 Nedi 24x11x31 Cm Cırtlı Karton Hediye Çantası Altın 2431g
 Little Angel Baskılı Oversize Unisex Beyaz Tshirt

...

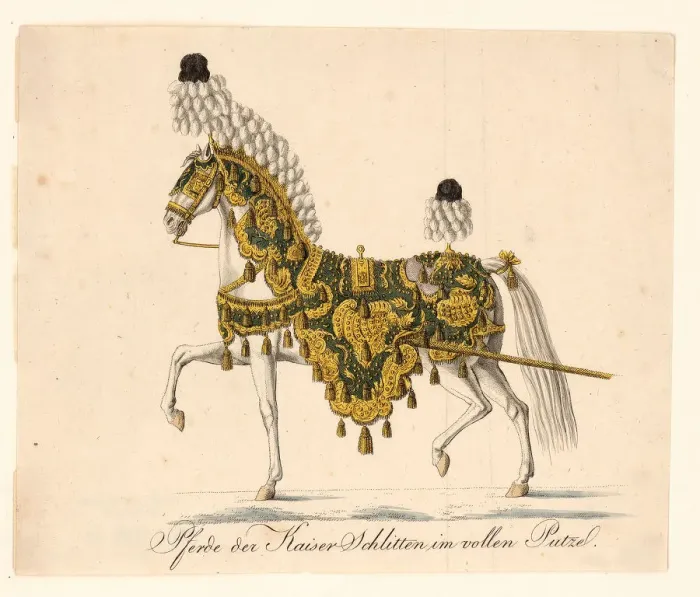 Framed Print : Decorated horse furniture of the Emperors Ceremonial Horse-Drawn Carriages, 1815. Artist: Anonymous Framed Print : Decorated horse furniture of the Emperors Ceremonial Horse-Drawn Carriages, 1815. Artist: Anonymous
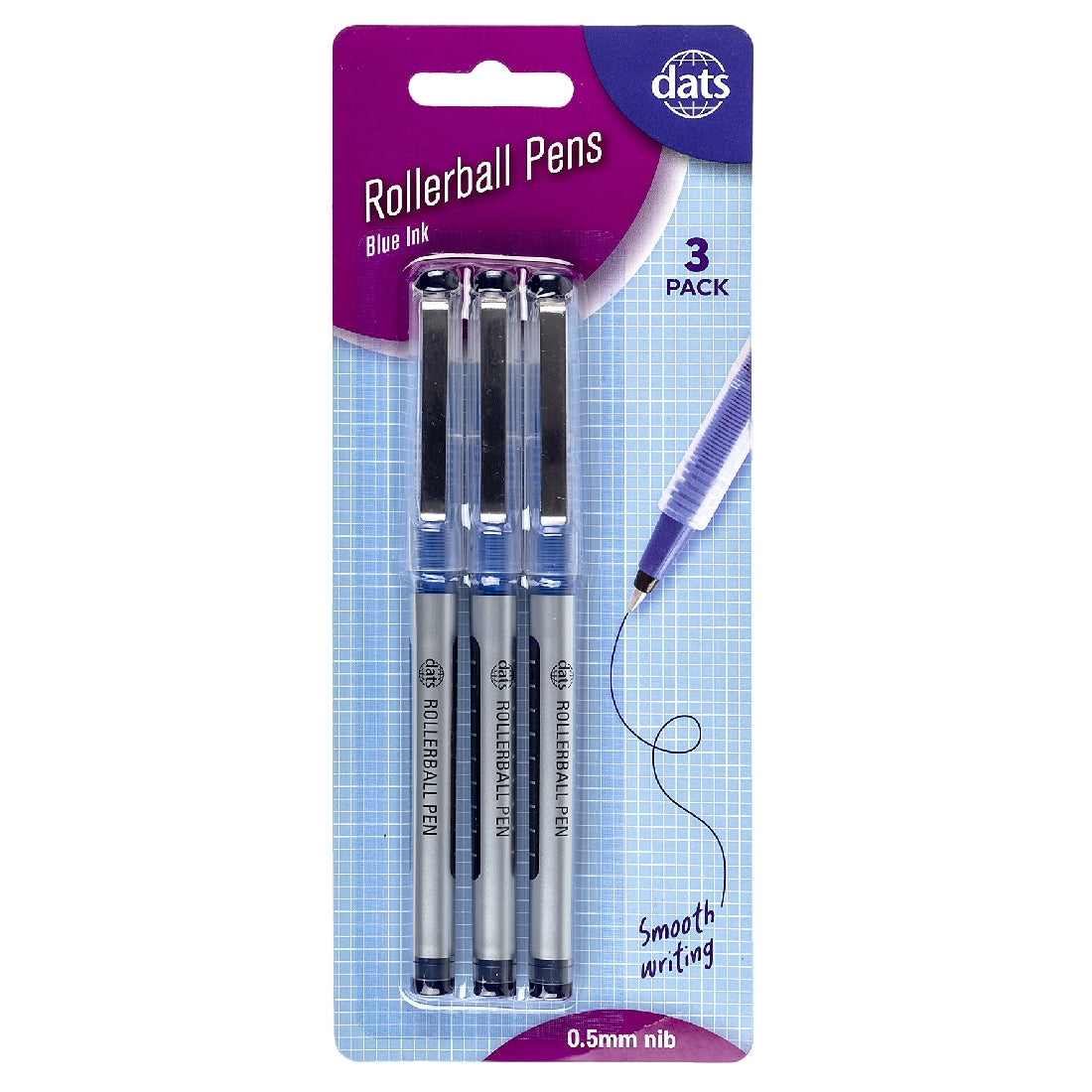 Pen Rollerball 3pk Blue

### Exercise details
All pictures are to be skipped. Output, word for word, the lines in the data above starting at the line containing "Artist: Anonymous Framed" and ending at the line containing "Pen Rollerball 3pk Blue".

### Task answer
 Framed Print : Decorated horse furniture of the Emperors Ceremonial Horse-Drawn Carriages, 1815. Artist: Anonymous Framed Print : Decorated horse furniture of the Emperors Ceremonial Horse-Drawn Carriages, 1815. Artist: Anonymous
 Pen Rollerball 3pk Blue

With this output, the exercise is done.